Prophets of Science Fiction
The Science Channel, 2006
Reviewed by William I. Lengeman III
(previously unpublished)
As the cable universe expands, those of us who don't care for reality shows, fluffy entertainment junk, or a vast number of sports channels can find solace in the likes of The History Channel, National Geographic Channel and The Science Channel.
The latter outlet recently presented that rarest of creatures - a reasonably "serious" television show dealing with printed science fiction.
Prophets of Science Fiction looks at Jules Verne and H.G. Wells, pioneers who worked in the genre before it had a name. The show purports to tell how "their predictions helped changed the course of history." Well now, maybe they did and maybe they didn't, but the producers make a fairly convincing case for the former.
Among the luminaries who weigh in on how "these prophets of science fiction [saw] the future with such uncanny vision" - physicist Michio Kaku, astrophysicist Gregory Benford (no mention is made of his SF writing alter-ego), SF writer Greg Bear and Wells biographer Robert Crossley.
According to Prophets, Verne was the first person to make a living from science fiction writing. His From the Earth to the Moon is examined, specifically with regard to its foreshadowing of the following century’s Apollo moon missions.
Earlier writers had tackled moon trips, but Verne was one of the first to treat the concept seriously. Even the space gun he posited turned out not to be so farfetched. Another device Verne foresaw, though he wasn't the first, was the submarine. The one he imagined shared features with the ones that actually came to pass.
Some of the other innovations Verne foresaw included airplanes, skyscrapers and elevated trains. As for why so many of his "predictions" came true, the thesis put forth is that he "obsessively" kept up with developments in science and technology and simply extrapolated from present to future.
Of Verne's considerable output, the only books really examined are From the Earth to the Moon and 20,000 Leagues Under the Sea. In the case of that other founding father, H.G. Wells, only his The Time Machine and The War of the Worlds really come under the microscope here.

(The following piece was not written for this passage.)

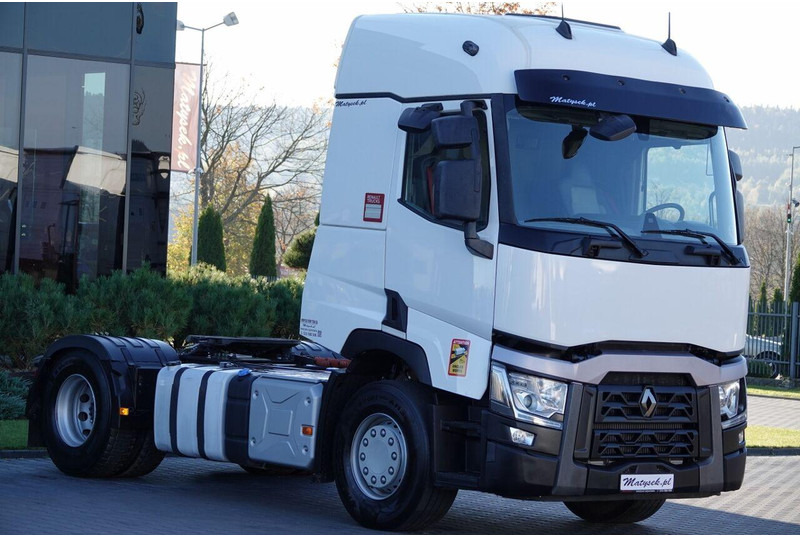 Renault T 460 / HYDRAULIKA / SPROWADZONY / PO ZŁOTYM KONTRAKCIE SERWIS - Cabeza tractora: foto 1 Renault T 460 / HYDRAULIKA / SPROWADZONY / PO ZŁOTYM KONTRAKCIE SERWIS - Cabeza tractora: foto 1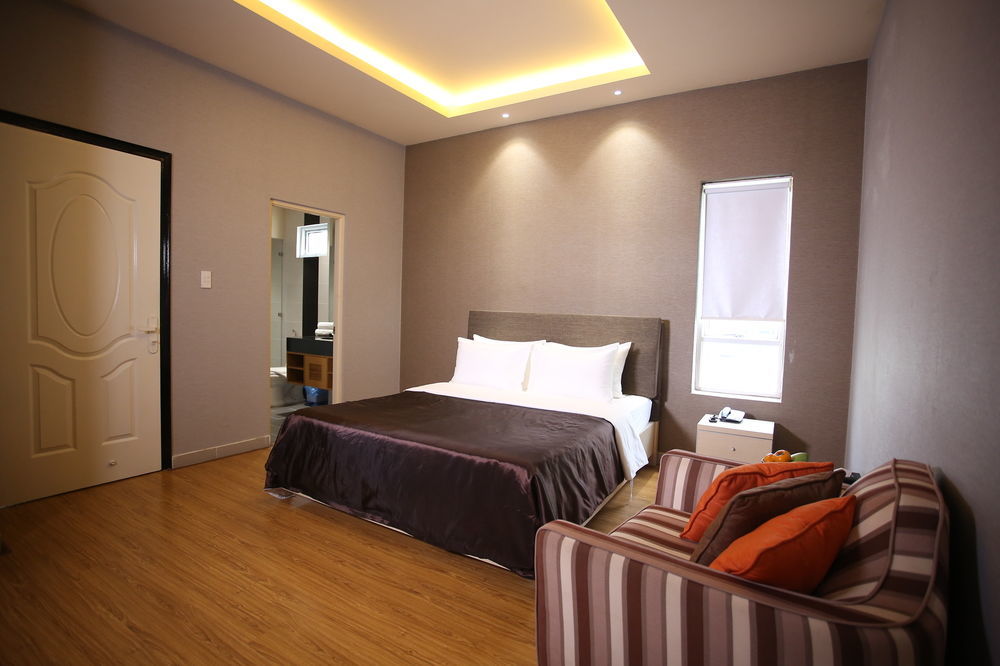 Diamond Suite Hai Ba Trung 호치민 외부 사진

Many of Wells' most famous prophecies - time travel, alien invasions and invisibility – apparently haven’t come true yet. But Wells, who "saw the dark side of technology," did foresee such grim markers of what we might call progress as aerial bombing, a fate that he saw befalling London one day.
In 1914, in The World Set Free, Wells also predicted a device called an atomic bomb, some thirty years before the Manhattan Project made such a device a reality. Some of Wells' inspiration for this idea, according to Prophets, came from a non-fiction work, by Frederick Soddy, called The Interpretation of Radium, a book Wells probably read in 1909.
Wells predicted a nuclear war by 1955 and foresaw the atom being split in 1933. The latter is telling because his book supposedly served as inspiration, of sorts, for Leo Szilard, who patented the chain reaction process in 1934.
Perhaps the most frustrating thing about Prophets of Science Fiction was that there was so little of it. The program notes promised that it would look at similar prophecies in the works of Arthur C. Clark and Phillip K. Dick, but that turned out not to be the case.
It's a topic that could easily fill a few more hours of programming, though SF fans should probably be happy with what crumbs we can get and let it go at that. Anyone looking to explore the subject further might want to explore Robert Bly's 2005 book, The Science in Science Fiction: 83 SF Predictions that Became Scientific Reality.